You're leaving out what happened at the end.  Unemployment soared in the late stages of the Weimer hyperinflation.

Certainly at the onset of such an inflation, people will do anything to find work (if it can be found.)  Their savings are evaporating before their eyes and they need to eat.  What choice do they have?  In the case of Weimar, they accepted wages that were falling in real terms because their savings were disappearing so quickly that they would starve if they didn't work.

Ultimately, the markets were so destabilized by hyperinflation that it made no sense to trade real goods for worthless currency.  Then the trading dried up.  Finally, the jobs dried up too.
melveyr wrote: With deflation you have unemployment. What is worse than idle labor? If economics is about allocating scarce  resources, than unemployment is a a terrible failure. Worse than any inflation.
I think you're assuming a relationship between inflation and employment that doesn't actually exist.

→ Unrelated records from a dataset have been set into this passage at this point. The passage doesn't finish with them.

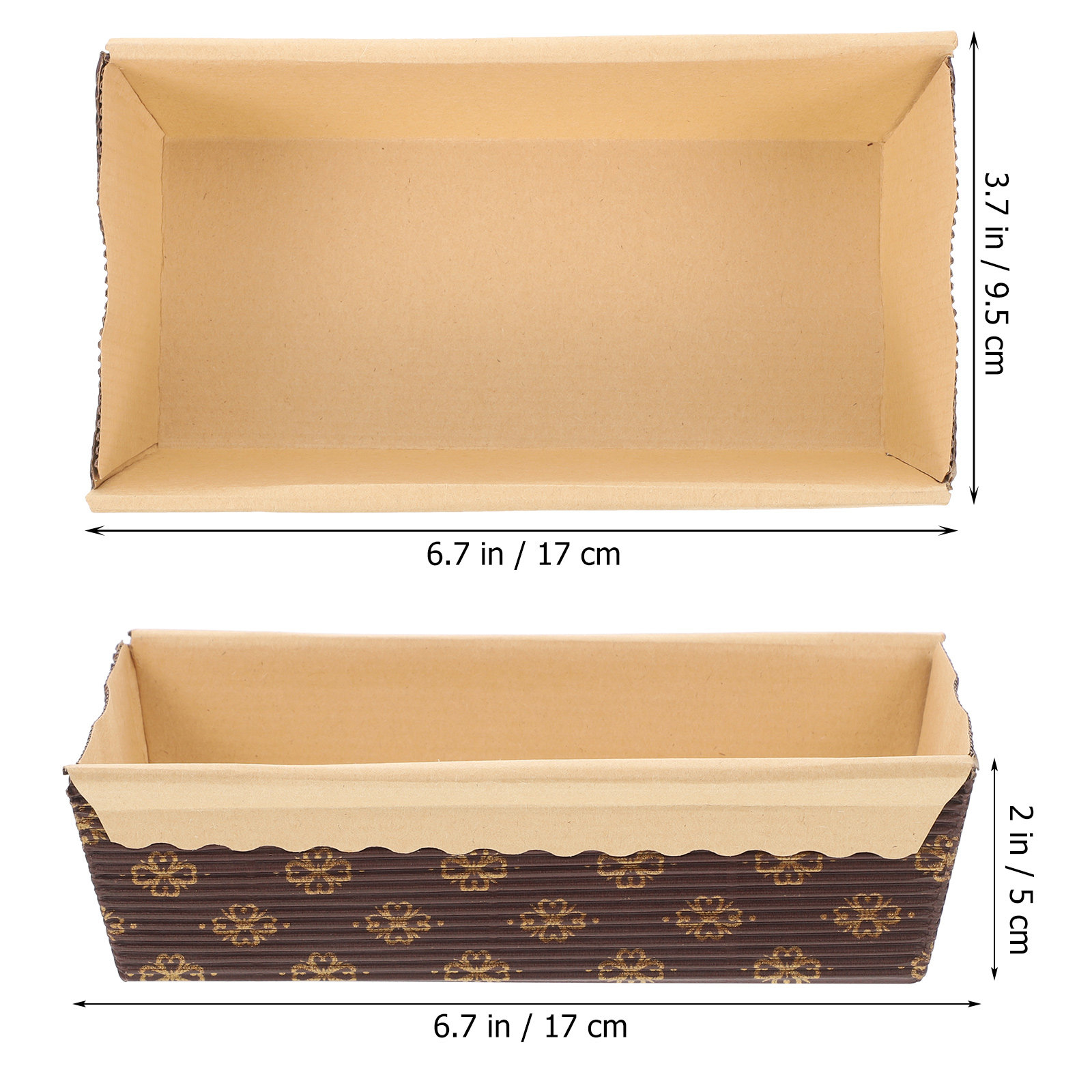 25Pcs Loyang Kertas Persegi Pa - Tray Mold Rectangle ulasan dan harga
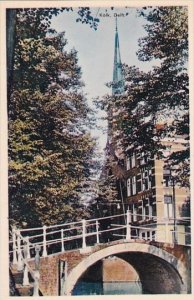 Netherlands Delft Church and Bridge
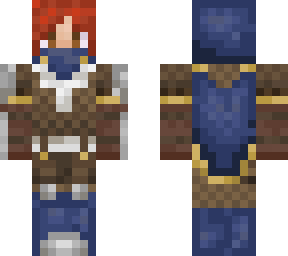 red haired warrior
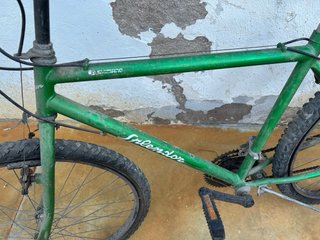 Bicicleta verde Interceptor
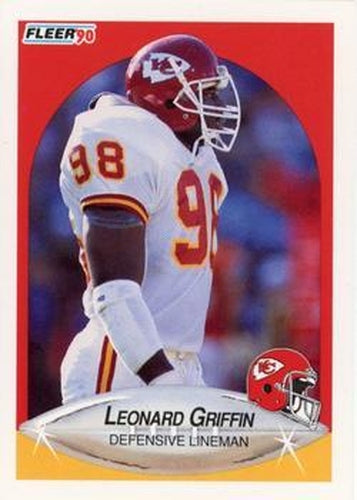 #200 Leonard Griffin - Kansas City Chiefs - 1990 Fleer Football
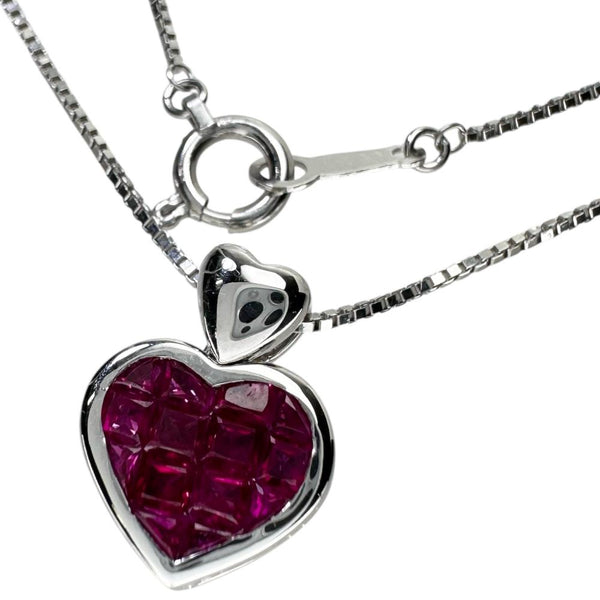 ハート リバーシブル ルビー 計1.00ct ダイヤモンド 計0.11ct ネックレス K18WGホワイトゴールド 18金 3.3g 40cm レディース
【中古】【真子質店】【NN】




【MoTMi】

As I mentioned above, employment fell apart in Weimar's late stages.  As stone said, Zimbabwe's unemployment situation was also an unmitigated disaster (80%!).  The US in the 1970s saw high unemployment at the same time as high inflation.

On the other hand, the United States went through a net deflation throughout the Industrial Revolution, yet this was a time of great prosperity and overall extremely low unemployment.  And Japan didn't experience the high unemployment that's "supposed" to happen through a deflation.

Inflation is a much, much nastier beast than you give it credit for.